Venetia began to laugh. ‘Typical of Lance to give that impression – and for Jago to perpetuate it. Lance loathed Jago. No doubt about it.’
Peter shot a startled look at Georgia, and she could see her own shock reflected in his face. So much for knowing Lance the man.
‘By loathe, do you mean really hated, or disliked? They were in Paris for some years together and you said that Lance looked after Badon House for Jago.’
‘I use words precisely. He loathed him,’ Venetia said in answer. ‘At least,’ she amended, ‘during the time he knew me. That would have been from about 1958 to the time of his death. I suppose when they first met there might have been a time that he tolerated him.’
‘But why did he hate him?’ Jago seemed affable enough, Georgia thought, and he implied that he and Lance were on the best of terms. ‘Did Jago do something to offend Lance?’
‘One could say that.’
‘What on earth was it?’
‘He married Jennifer.’
Of course, Georgia thought. She’d been asleep at the switch. Madeleine had said something about that, but surely she had implied such feelings had passed when Lance married Mary.
‘Is she still alive?’ Venetia continued.
‘No. She died two years ago. Is Jennifer important in Lance’s story?’

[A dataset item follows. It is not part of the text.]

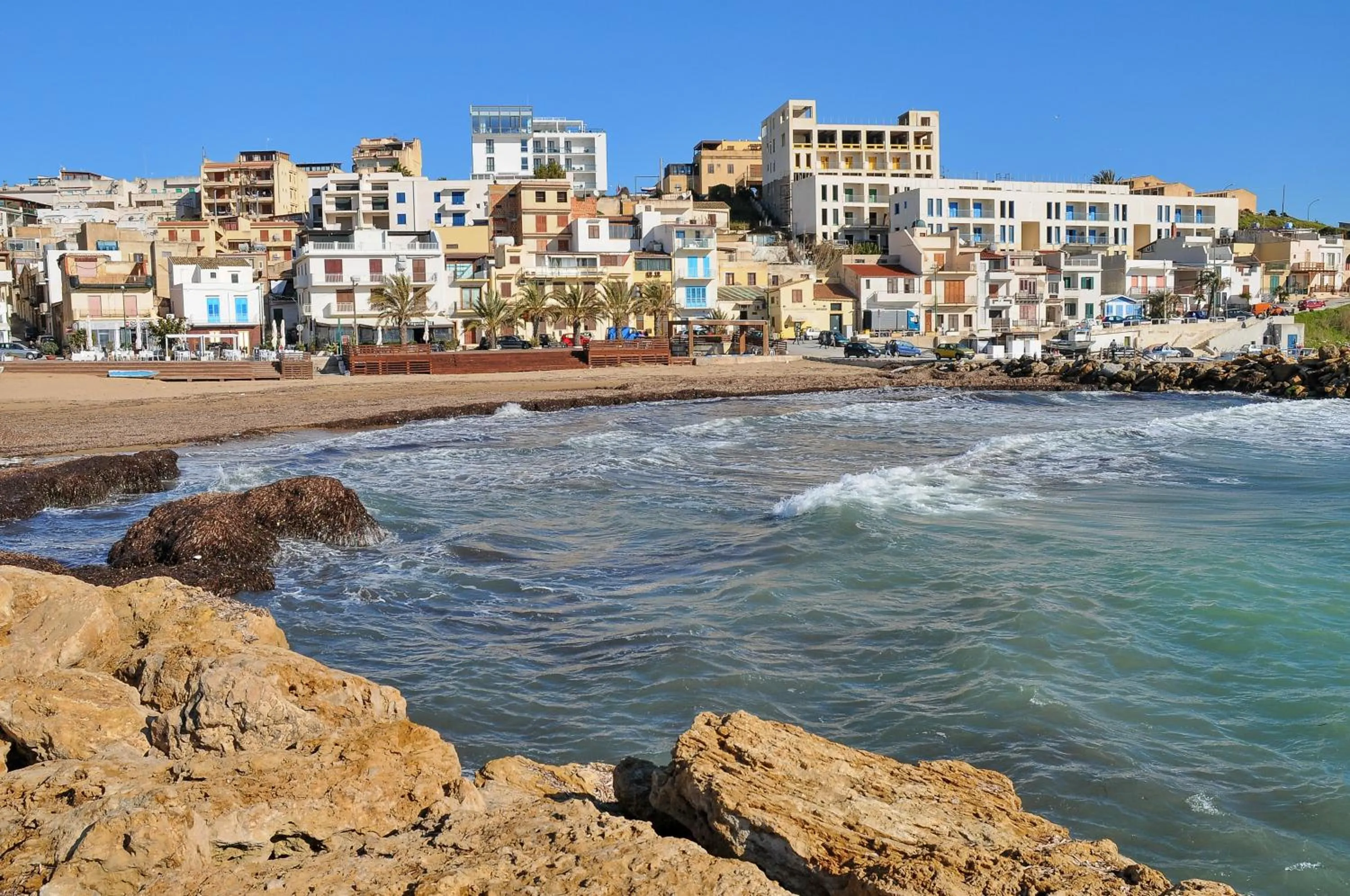 Neighbourhood in La Rosa Hotel - Selinunte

‘Was Guinevere to Lancelot?’
‘Are you telling us that Lance stayed in love with Jennifer?’ Peter asked evenly, as Georgia grappled with the implications.

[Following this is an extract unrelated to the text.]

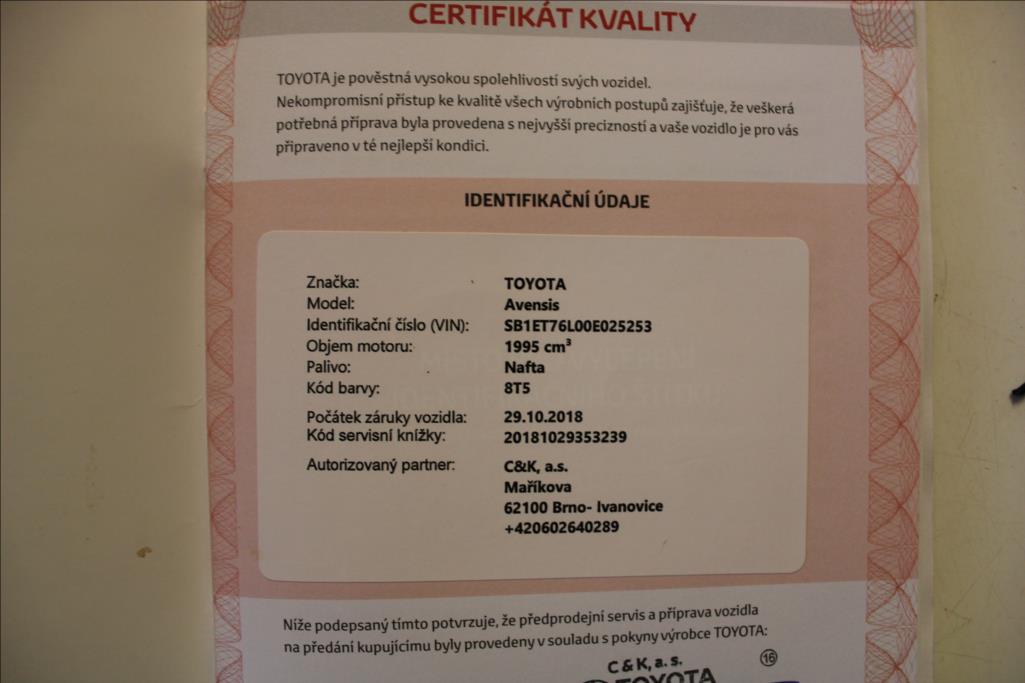 Toyota Avensis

Venetia nodded. ‘And believe me, I should know. That’s why he stayed in touch with Jago, his so-called best friend. A great joke, as Lance saw it. Jennifer was the place in his mind that I could never reach.’
‘You said Lancelot,’ Georgia asked carefully. ‘Does that imply they were having an affair after she married Jago?’
‘I expect so. Not openly. Like Guinevere, Jennifer knew which side her bread was buttered on. All I know is that the lady had taken up permanent residence in his heart, his mind and his love life. To misquote a now well-known phrase, there were three of us in Lance’s and my pillow talk.’